▶ ASSIGNMENT:
Transcribe, exactly and without pictures, the lines below from the line with "Foramina Lingual Sagital Frontal" to the line with "Treatment case image 7", both ends included, and no others.

▶ RECORDS:
↓
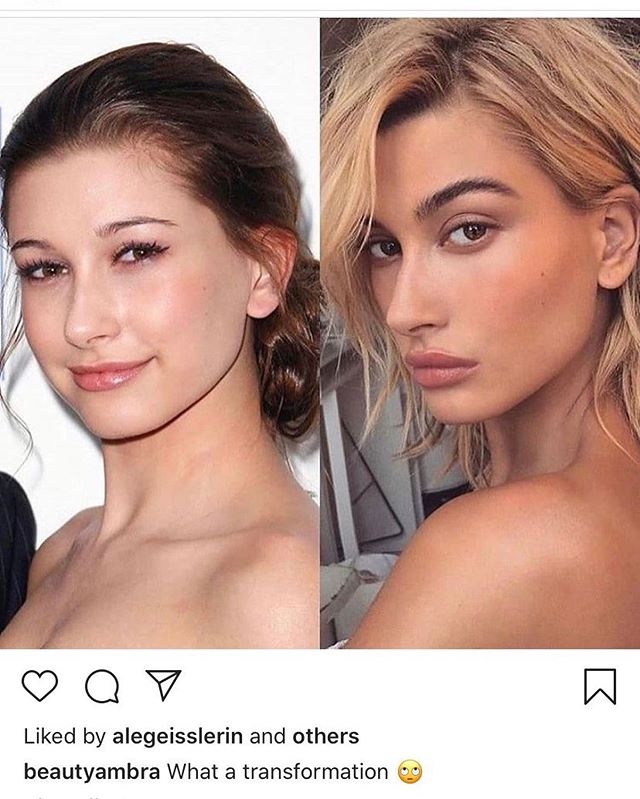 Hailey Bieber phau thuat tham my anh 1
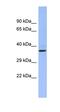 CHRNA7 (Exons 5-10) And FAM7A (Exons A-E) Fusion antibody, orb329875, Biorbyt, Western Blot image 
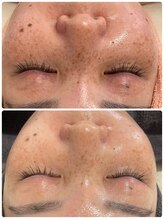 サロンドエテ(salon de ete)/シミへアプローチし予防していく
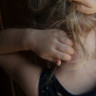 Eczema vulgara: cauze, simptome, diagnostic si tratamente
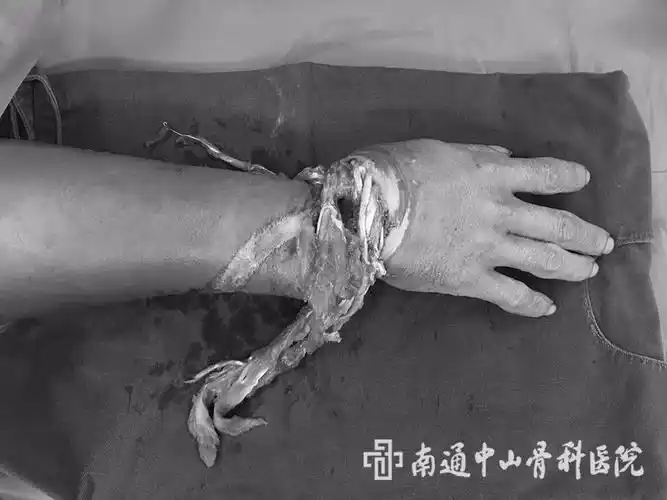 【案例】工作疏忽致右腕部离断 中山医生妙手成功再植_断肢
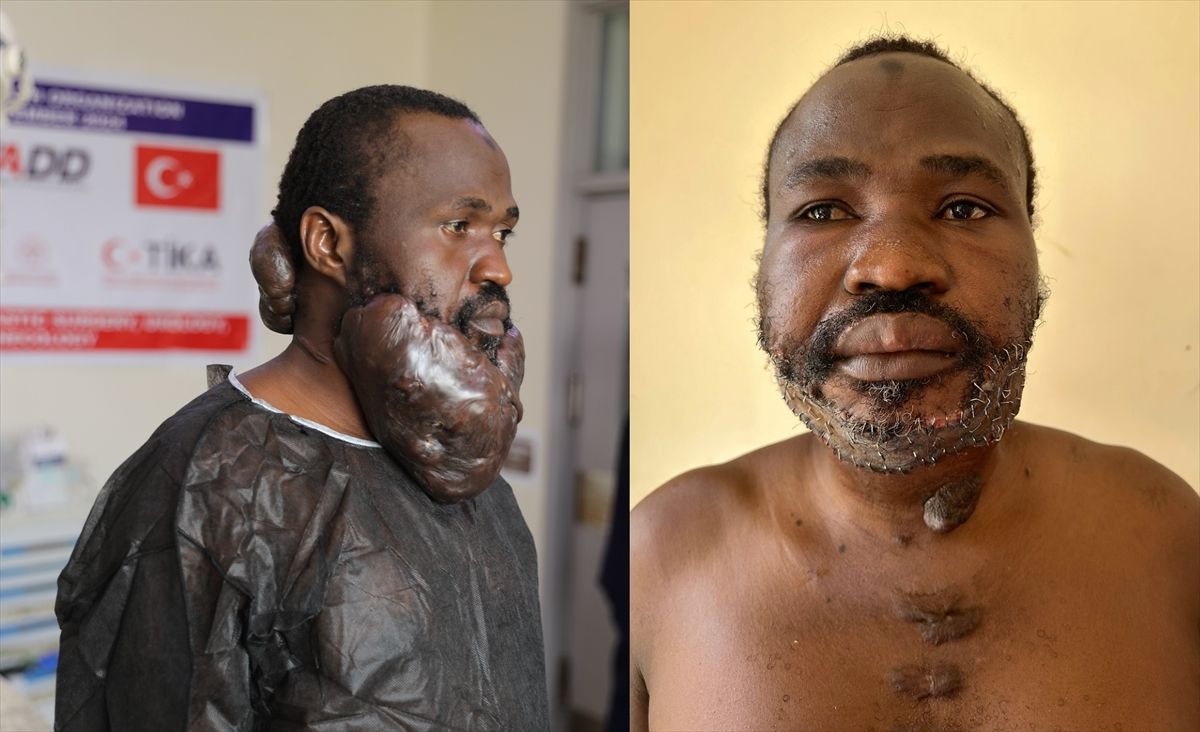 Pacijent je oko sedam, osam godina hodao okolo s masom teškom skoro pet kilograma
↑
↓
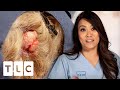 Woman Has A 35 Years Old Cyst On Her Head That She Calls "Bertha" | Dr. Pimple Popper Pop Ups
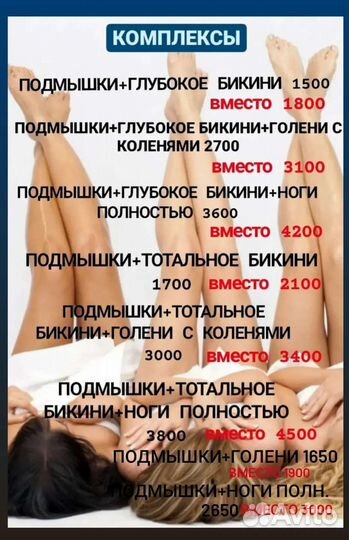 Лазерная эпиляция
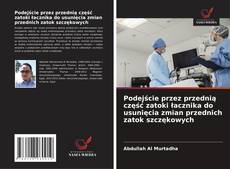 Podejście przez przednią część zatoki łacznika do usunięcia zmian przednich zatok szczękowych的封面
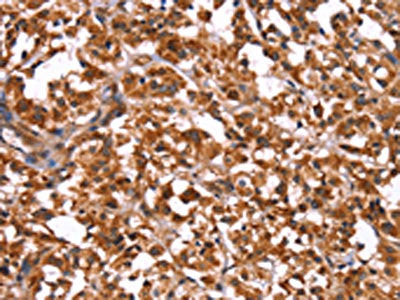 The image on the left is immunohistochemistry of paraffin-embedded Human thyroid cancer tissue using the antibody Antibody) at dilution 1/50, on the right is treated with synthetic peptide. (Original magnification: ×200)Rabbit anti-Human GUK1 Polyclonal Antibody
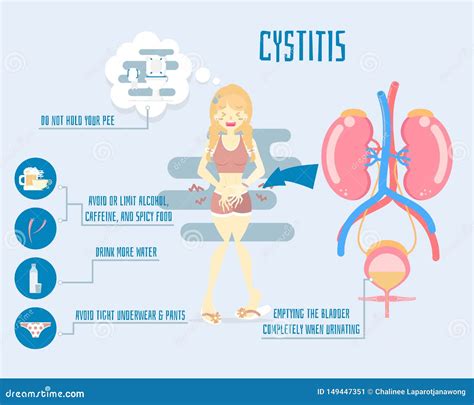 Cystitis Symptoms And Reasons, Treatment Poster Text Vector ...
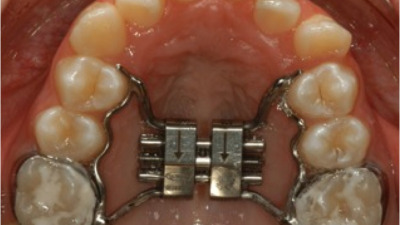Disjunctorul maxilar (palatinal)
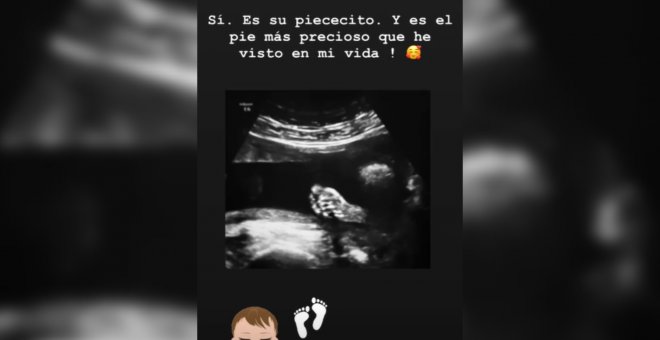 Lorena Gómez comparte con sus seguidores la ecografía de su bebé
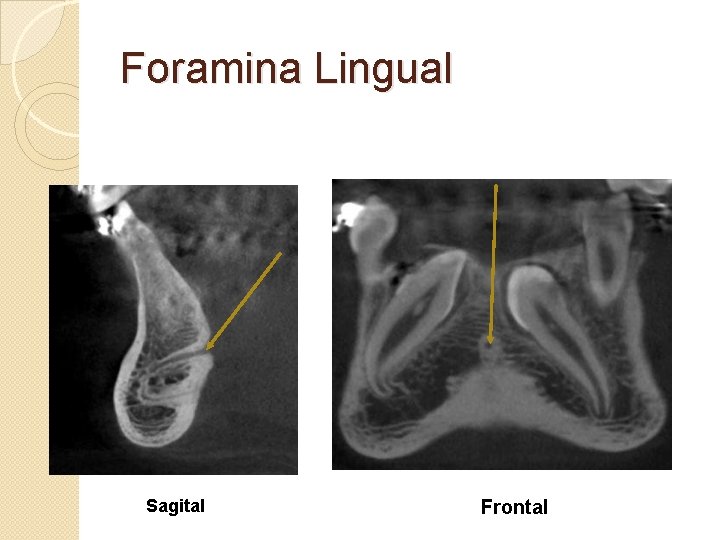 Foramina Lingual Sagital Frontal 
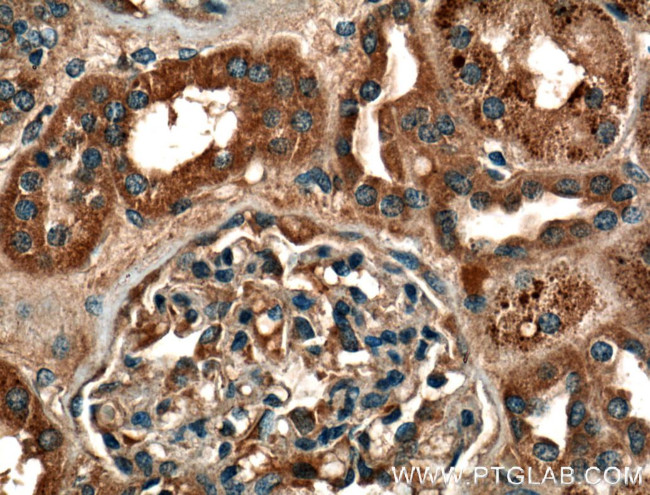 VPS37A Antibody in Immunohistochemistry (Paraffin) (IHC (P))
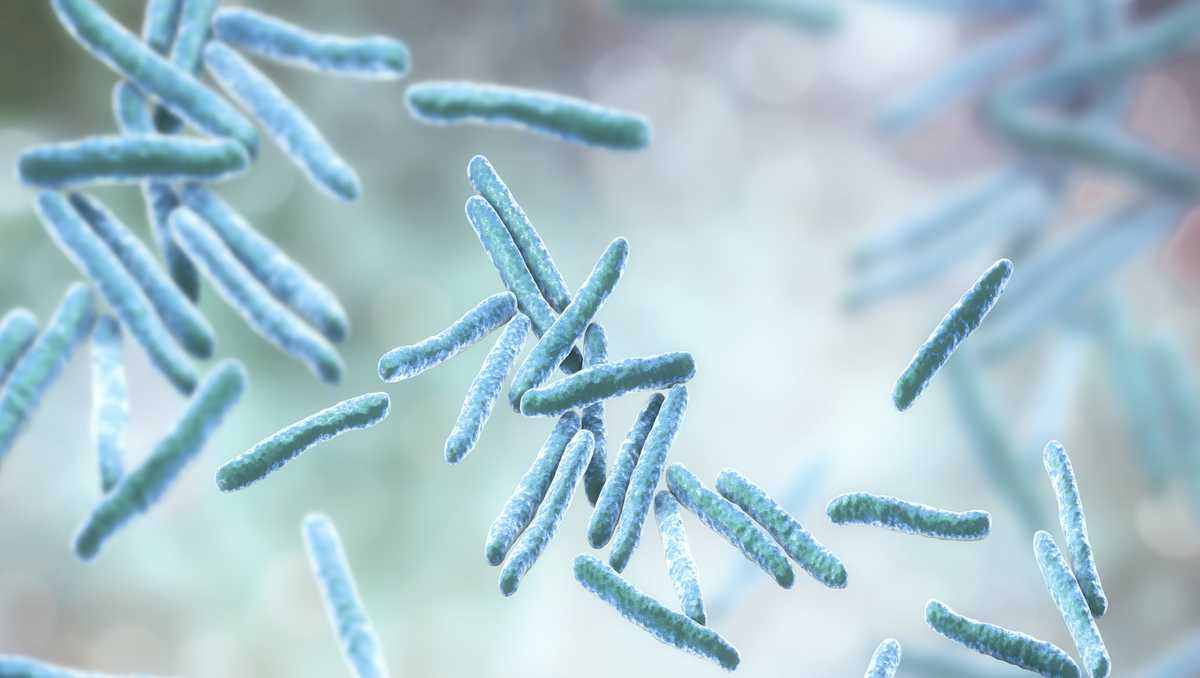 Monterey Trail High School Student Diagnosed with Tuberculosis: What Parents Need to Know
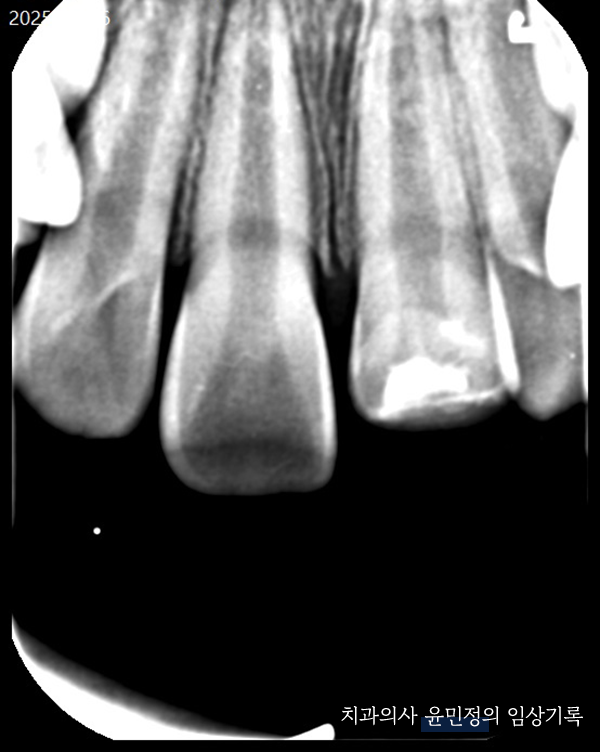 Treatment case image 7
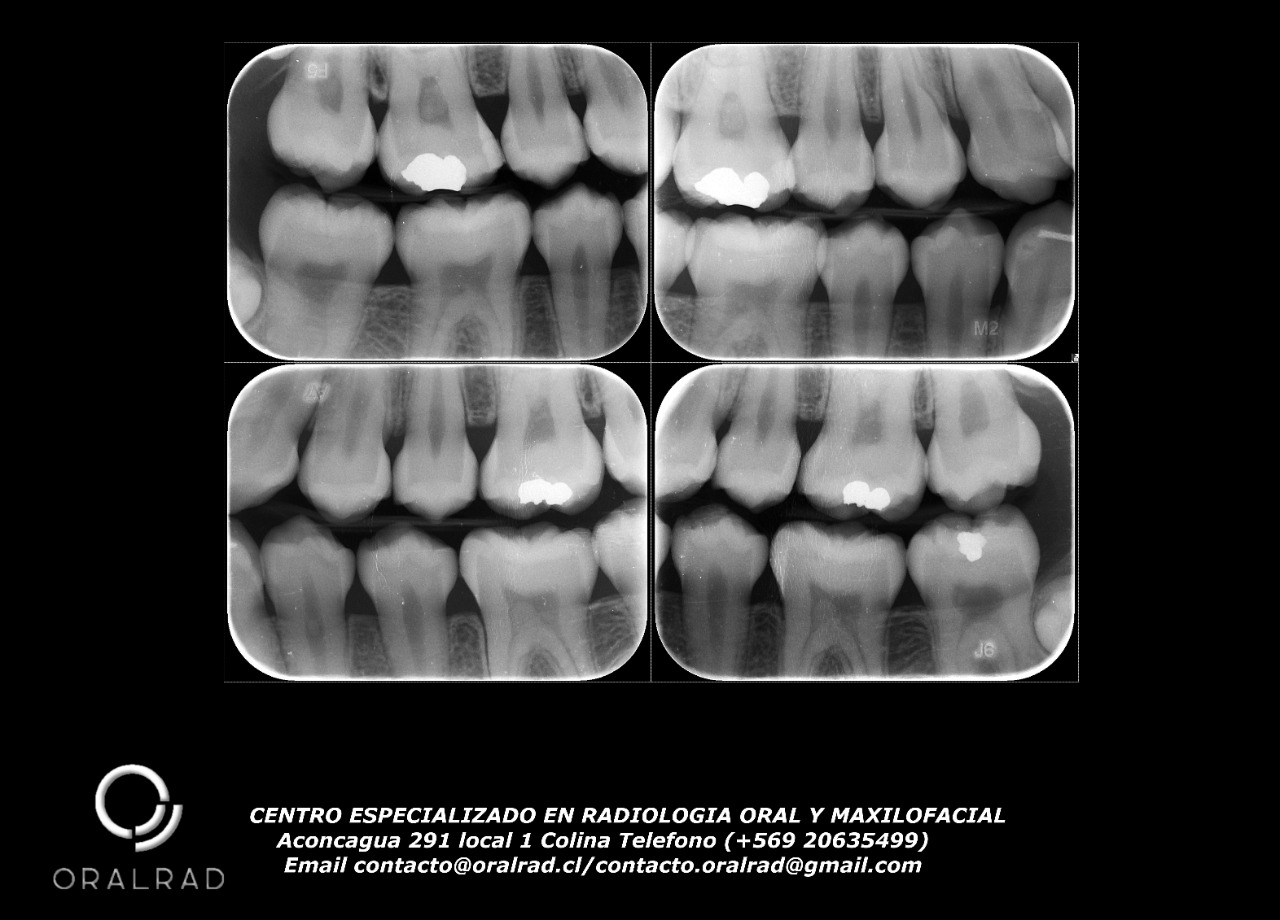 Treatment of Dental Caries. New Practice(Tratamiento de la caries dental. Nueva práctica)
↑
▶ OUTPUT OF THE EXERCISE:
 Foramina Lingual Sagital Frontal 
 VPS37A Antibody in Immunohistochemistry (Paraffin) (IHC (P))
 Monterey Trail High School Student Diagnosed with Tuberculosis: What Parents Need to Know
 Treatment case image 7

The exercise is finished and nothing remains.